Inductive-Step: Given any arbitrary $k\in\mathbf{Z^+}$ assume that the following is true $$\forall X\subseteq A(|X|=k\implies\exists a\in X\forall x\in X(aRx))\tag{1}$$ Now let $Y$ be an arbitrary \textit{non-empty} subset of $A$ such that $|Y|=k+1$. We could express $Y$ as $Y=X\cup\{\beta\}$ where $X=Y\backslash\{\beta\}$ and $\beta$ is an arbitrary element of $Y$, evidently $|X|=k$ and thus from $(1)$ it follows that $X$ has an $R-$smallest element.
Let this element by $\alpha$, moreover since $R$ is a total-order it follows that $$\forall x\in A\forall y\in A(xRy\lor yRx)\tag{2}$$ thus in particular we have $\alpha R\beta\lor\beta R\alpha$ arguing from cases.
Case-1($\alpha R\beta$): We know that $\forall x\in X(\alpha Rx)$ this together with $\alpha R\beta$ implies that $\forall x\in Y(\alpha Rx)$ consequently $\alpha$ is the $R-$smallest element of $Y$.
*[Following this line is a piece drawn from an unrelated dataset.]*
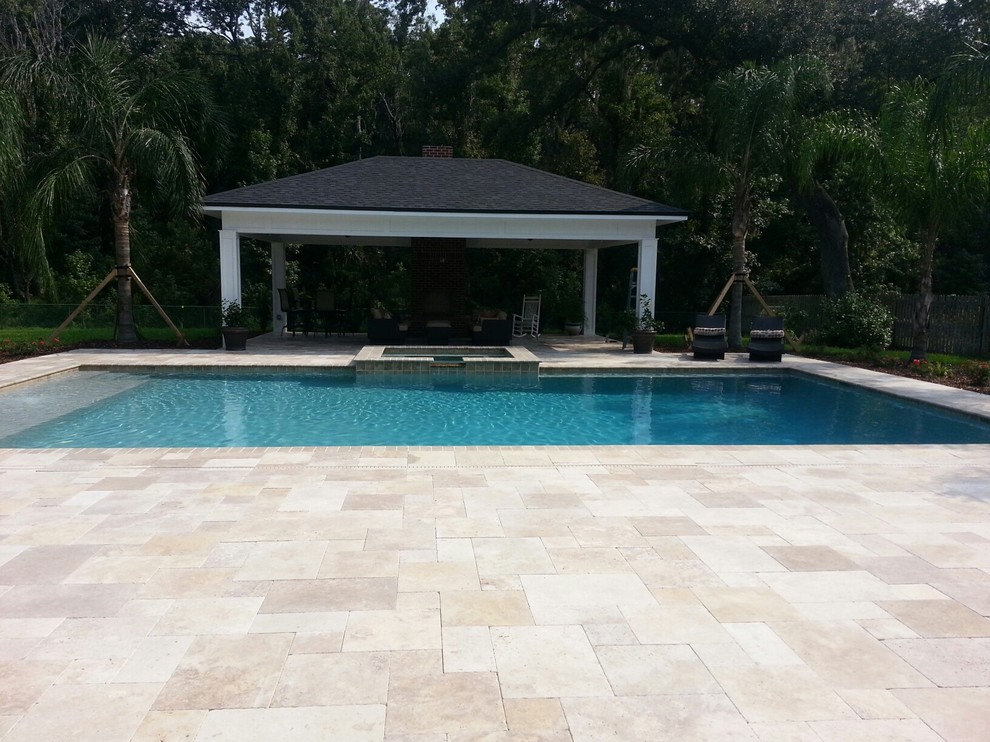Mid-sized transitional backyard tile and rectangular lap pool house photo in Jacksonville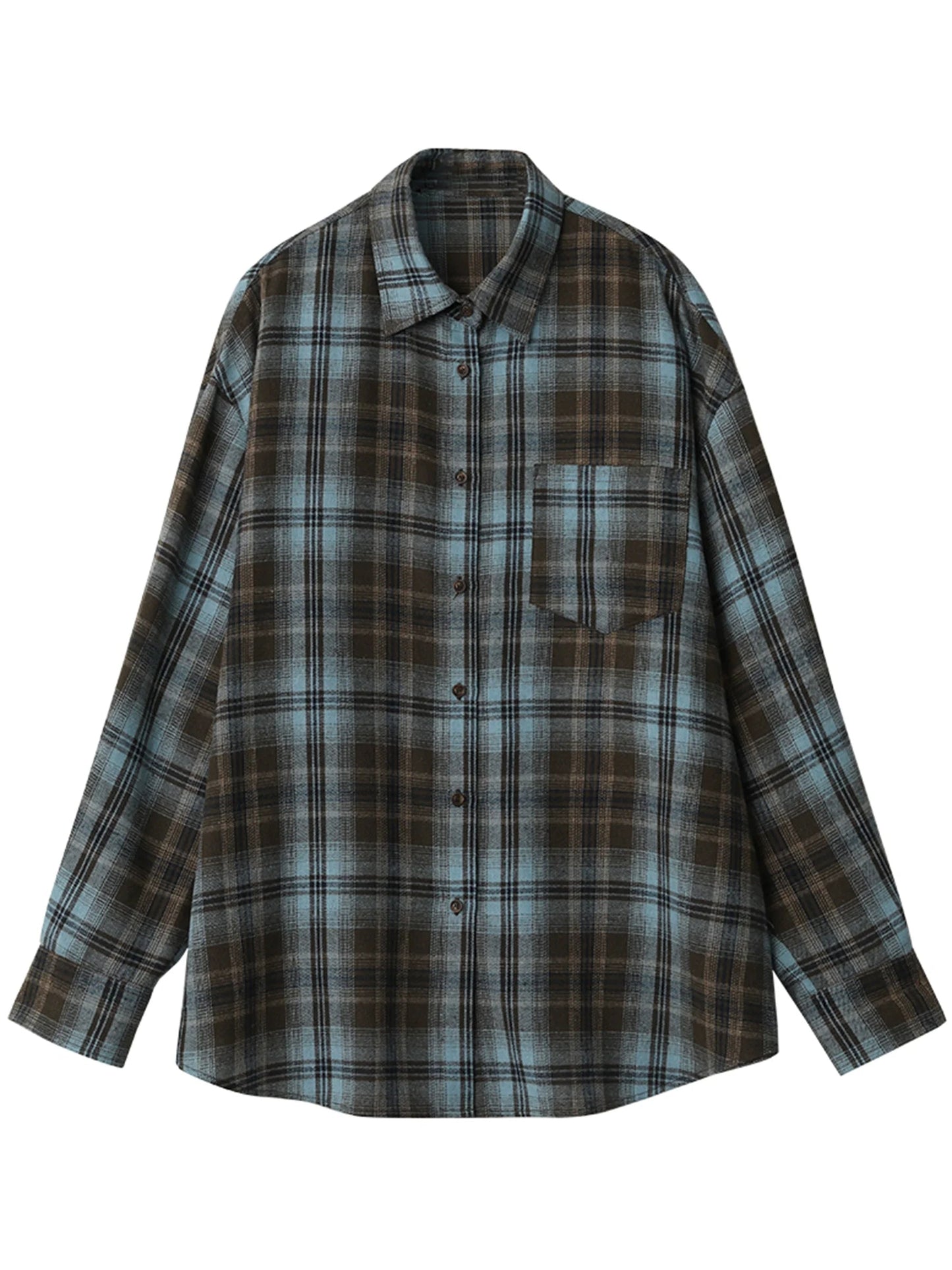 Women’s Long Sleeve Plaid Shirt Coat Loose Casual Blouse Loran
Case-2($\beta R\alpha$): Let $x\in X$ we know that $\alpha Rx$ this together with $\beta R\alpha$ and the transitivity of $R$ implies that $\beta Rx$ and the reflexivity of $R$ implies that $\beta R\beta$ consequently $\beta$ is the $R-$smallest element of $Y$.
$\blacksquare$